In terms of time distance, at a speed of 60 km/h, CRIN is estimated to be 75-minute's drive away from the main campus of Olabisi Onabanjo (Ogun State) University (OOU).

Oluyole Local Government has an area of 629 km^{2} and a population of 202,725 at the 2006 census. The largest river that connects the major locations in Oluyole Local Government is known as Odo Ona which formed the basis for the location nomenclatures for places like Odo Ona Nla and Odo Ona Kekere both located in the local government.

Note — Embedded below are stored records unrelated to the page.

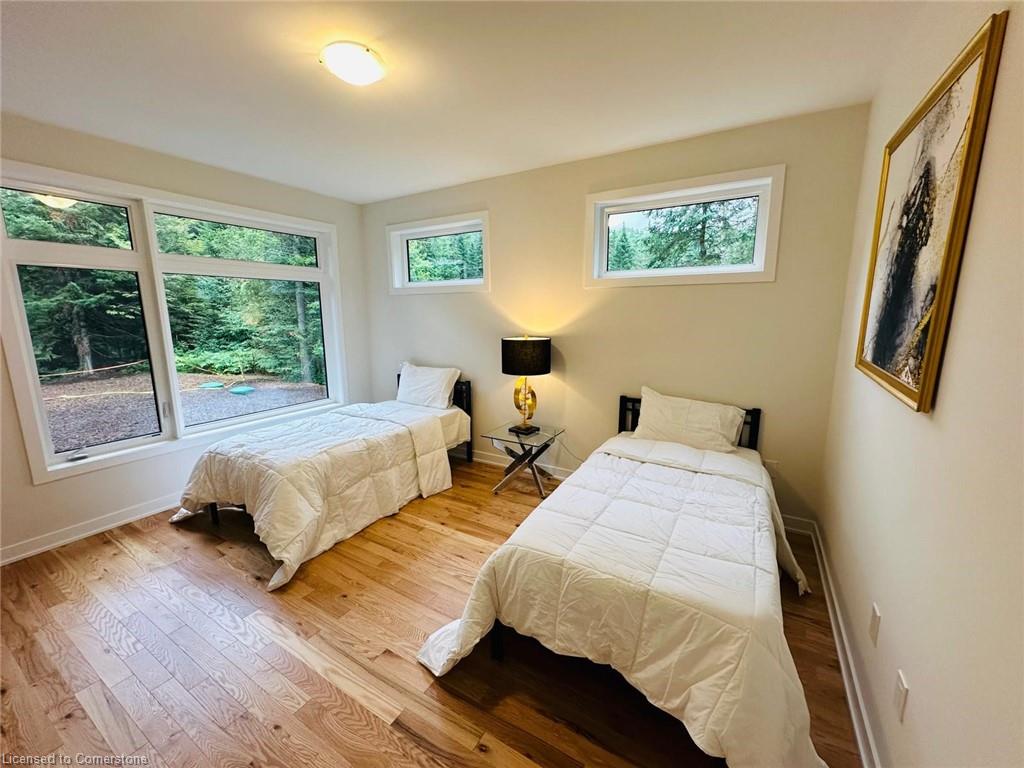1049 Greensview Drive Property Photo 13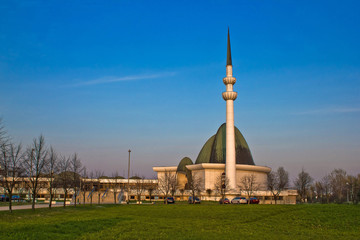 Fototapeta na wymiar Stolicy Chorwacji Zagrzebiu meczetu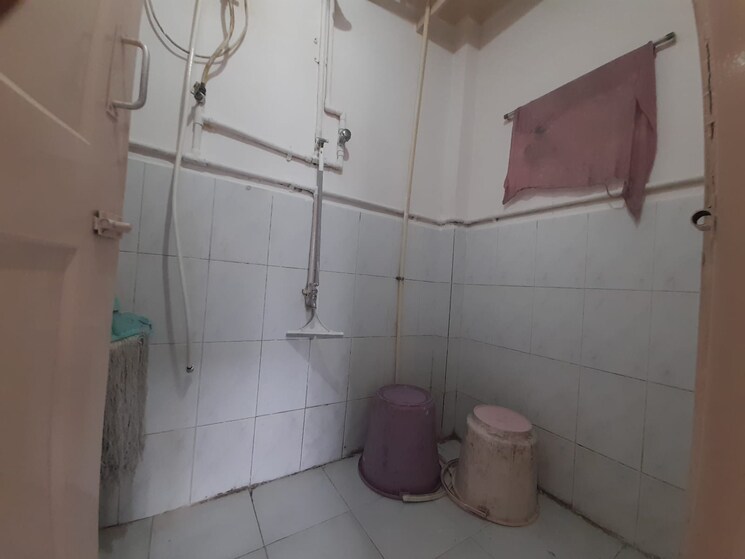 Bathroom, bimbisar-nagar 1 Bedroom 470 Sq.Ft. Apartment In Goregaon East Mumbai 9263597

The postal code of the area is 200.

Oluyole Local Government shares boundaries with four other Local Governments, viz.: Ibadan South West, Ibadan South East, Ona Ara Local Government, and Ido Local Government – all within the Ibadan metropolis. It also shares boundaries with Ogun State through Obafemi Owode, Odeda, and Ijebu North Local Governments.

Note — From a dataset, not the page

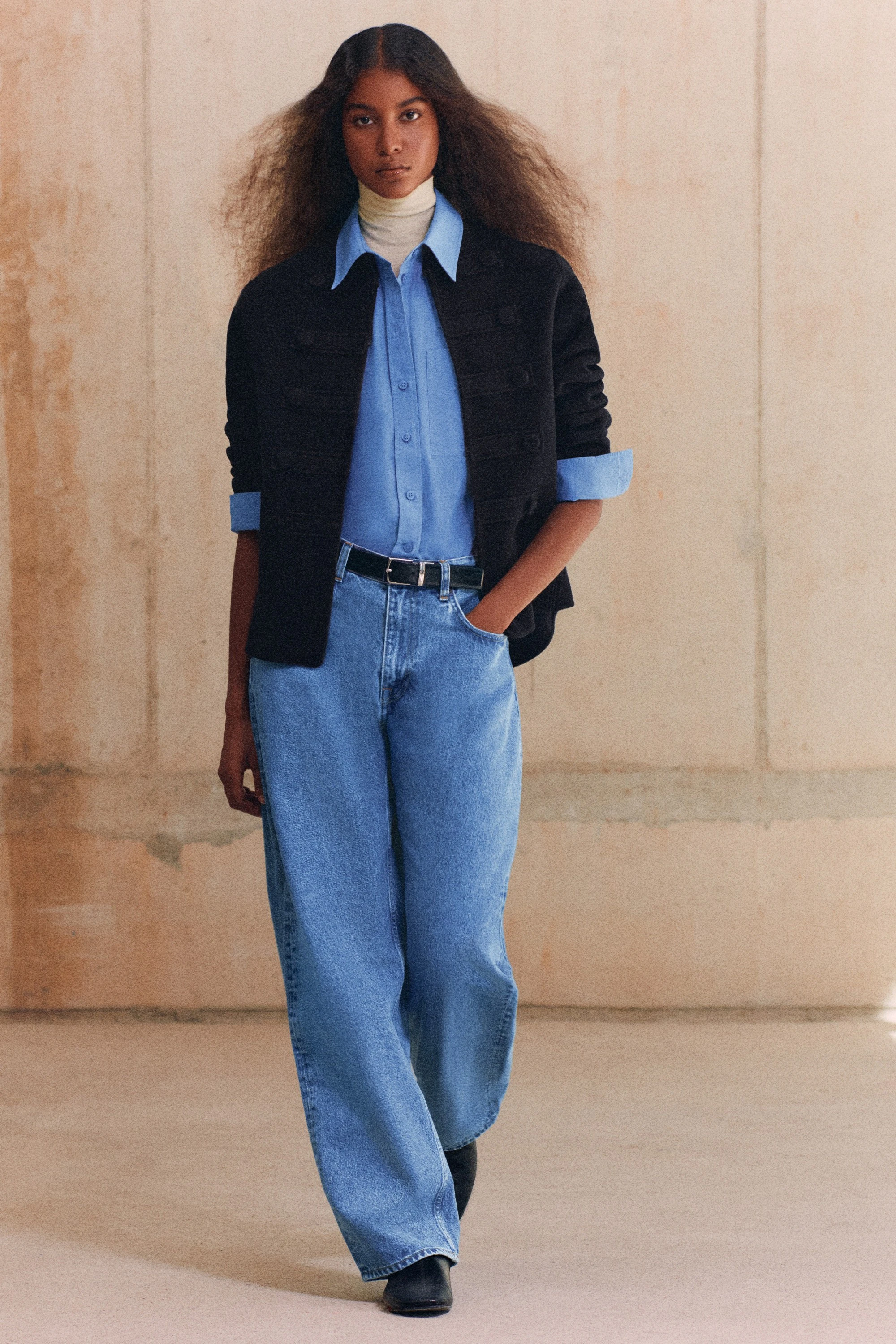 INLET CURVED-LEG JEANS - 11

Residents of Oluyole Local Government are involved in farming, trading, local food processing, transport business and government employment.

The CNC Quarry and KULUN Quarry enterprises are two of the many industries that call Oluloye LGA home. It is an industrialized area. Several government-owned businesses, lodging facilities, and banking institutions are also located in the local Government area. Other important industries in Oluloye Local Government Area's economy include farming, hunting, blacksmithing, woodcarving, and trade.

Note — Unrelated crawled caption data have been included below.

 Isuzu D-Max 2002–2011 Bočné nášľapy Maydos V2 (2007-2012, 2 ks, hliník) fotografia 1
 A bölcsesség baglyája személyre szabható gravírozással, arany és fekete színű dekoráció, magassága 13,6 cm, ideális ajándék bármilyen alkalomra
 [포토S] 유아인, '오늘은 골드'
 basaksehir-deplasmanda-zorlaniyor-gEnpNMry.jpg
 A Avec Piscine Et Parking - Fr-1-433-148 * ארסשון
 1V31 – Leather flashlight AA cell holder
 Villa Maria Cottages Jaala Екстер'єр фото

== Some Places in Oluyole Local Government ==
Some of the places in Oluyole Local Government include;

1. Aba-Ibeji
2. Abanla
3. Adebayo (CRIN)
4. Alaho
5. Alata
6. Alomaja
7. Argungu
8. Busogbooro

== Climate ==
Year-round temperatures range from 70 °F to 93 °F, with little variation below 64 °F or over 96 °F. The weather is typically overcast, partially cloudy, and hot.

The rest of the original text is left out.